Image courtesy of Professor Mike Wright

Interview with Professor Mike Wright

Professor Mike Wright is the Professor of Entrepreneurship at Imperial College Business School and the Director of the Centre for Management Buy-out Research. Prof. Wright’s passion for the family business field started with his expertise in management buyouts. Tharawat magazine interviews Professor Mike Wright telling us why he had passion to the family business field.

How did you come to join the family business field?

I have a varied background but my interest sprang from my work in management buyouts. I lead a center for management buyout research, which is all about looking at firms handing businesses over to their management. There are various forms of management buyouts, and one of the most important forms is management buyout in family businesses. This can occur in a situation, in which a family doesn’t have obvious successors, the family doesn’t want the business to become part of a larger organisation, or the family doesn’t want the business to fail.
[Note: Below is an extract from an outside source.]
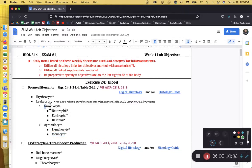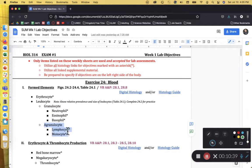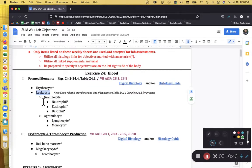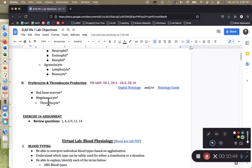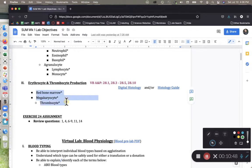We've covered all the granulocytes and all of the agranulocytes. That means we've covered every single leukocyte you need to know for your lab exam. Let's move on to red bone marrow and megakaryocytes.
Management buyouts allow the family to address these concerns by selling the company to the non-family management team.

This was an area of interest for me because much of the interest in the management buyout area has been focused on either taking a company private, or in getting rid of a division in a large group. But when we look at the data, there are vast swathes, not just in the UK but worldwide, in which family business sell to the management. This was an area that hadn’t been thoroughly explored, and it raised some questions such as: Why are families engaging in management buyouts? What kind of form does it take? Does a family still remain involved in the business? What are the reasons for a family to take these steps? What kind of social factors rather than economic or financial factors influence it? What happens to the performance of the business after the buyout?

All in all, I can say that I didn’t enter the field deliberately, but was rather lead to it through these questions that arose through my work in management buyouts.
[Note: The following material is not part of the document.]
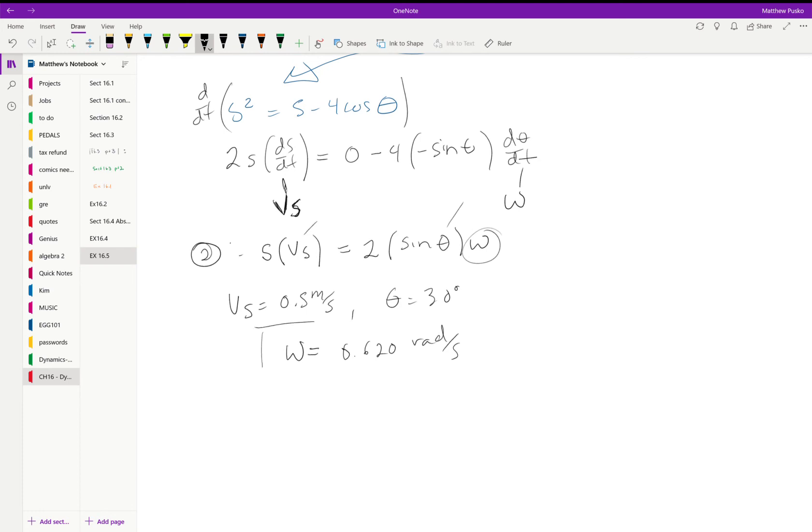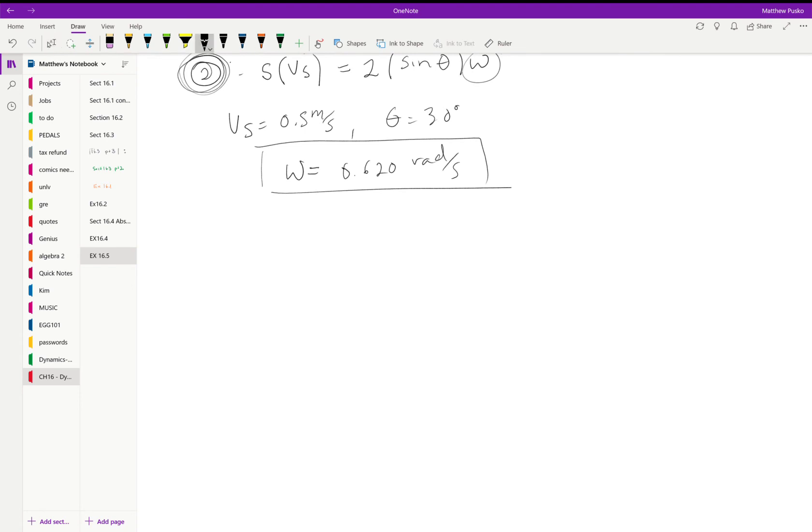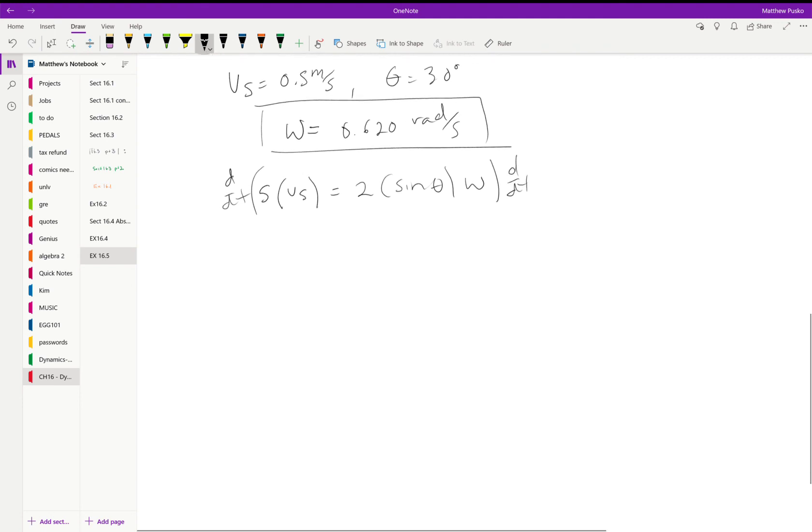That's one answer but we gotta go back to equation number two and take another time derivative to get the acceleration. So I'm just gonna copy it down again. We have s times vs is equal to 2 times the sine of theta times omega. Take the time derivative using the product and chain rule.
What is the most pertinent question that needs to be answered in family business management buyout research?

I think that it is crucial to fully understand what happens to the business after it is sold to the management. Is the management competent enough to run it? Are they going to run it as the family did? Or is it going to be a transition period where they achieve a short-term goal in the business before selling it? Should the family want to keep the essence of the business alive, what is the extent to which the family stays involved in the business? One of the things we find in management buyouts is that as the founder or family sells the business and pulls out of the operations, the business often suffers because only the founding family truly knows how to run it successfully, at which point they have to come back in order to rescue the business. This shows that if you don’t put in place the proper mechanisms, the business will either lose its independence or fail completely. I find this is particularly sensitive in continental Europe, since there are many cases of private equity buyouts, in which case, the private equity firm wants to get out in 3-5 years. In these instances, what happens afterwards? It is this kind of long-term effect of management buyout that needs greater understanding.

These days, we see the increasing phenomenon of secondary buyouts taking place, which is basically when the first private equity firm exits and another one comes in, and this is a way of sustaining the independent business over a longer term. So if one is worried from a family point of view about the longevity of the business, this is a way in which you can maintain that, so many family businesses prefer this kind of operation. Once again, this all goes back to better understanding how to sustain the ex-family business.

A management buyout is almost like creating a new type of family business because it is like having a new family coming in. This way of thinking is an angle that is interesting in that you don’t think of succession as just happening within the same family, but as a succession to the creation of a new family. Consequently, you can think of this not as an end of a story, but a reinvigoration of the story.

How would you assess the relationship between academia and practice? Are they sufficiently reaching out to each other?

I think that this relationship is actually stronger in the family business field compared to other fields. I believe that this is partly because much of the family business research began as a quasi-consulting activity for family firms. On the other hand, from an academic point of view, family business research sometimes seemed a bit weak and lacking in pure academic bases. Now that the research has gone beyond this initial phase and become more rigorous, the risk of losing the contact between the research and the families becomes greater. While I personally don’t think that this connection has been broken, I think there is still some tension that needs to be managed better.

I think there are lots of opportunities for growth in the field because there is a strong link to build upon. As researchers, we shouldn’t lose sight of not only what we can feed back to the family business community, but also what we can learn from them. This is a classic problem I have with students and junior faculty when it comes to their research. Ultimately, their goal is to get published in the “top” journals, and to achieve this, they focus on the relevant literature based upon which they write their papers. By not interviewing family firms and speaking directly with them, they can potentially miss out on interesting questions or concerns that have not yet been addressed in academia.

Ronald Coase, a Nobel Prize winner of Economics, once said that when he worked in industry, he came across questions that were obvious in practice but that had never been explored through research. Based on these questions, he wrote his Nobel Prize winning paper. It is short-sighted to focus so much on getting published in pinnacle journals and lose sight of the interaction between research and real world application, because by spotting problems that are tangible for practitioners and finding the mismatch with corresponding academic literature, one might find oneself recognised quite naturally. In the family business field, there is a willingness of family practitioners to engage with academia, and that can be a great advantage to further the research.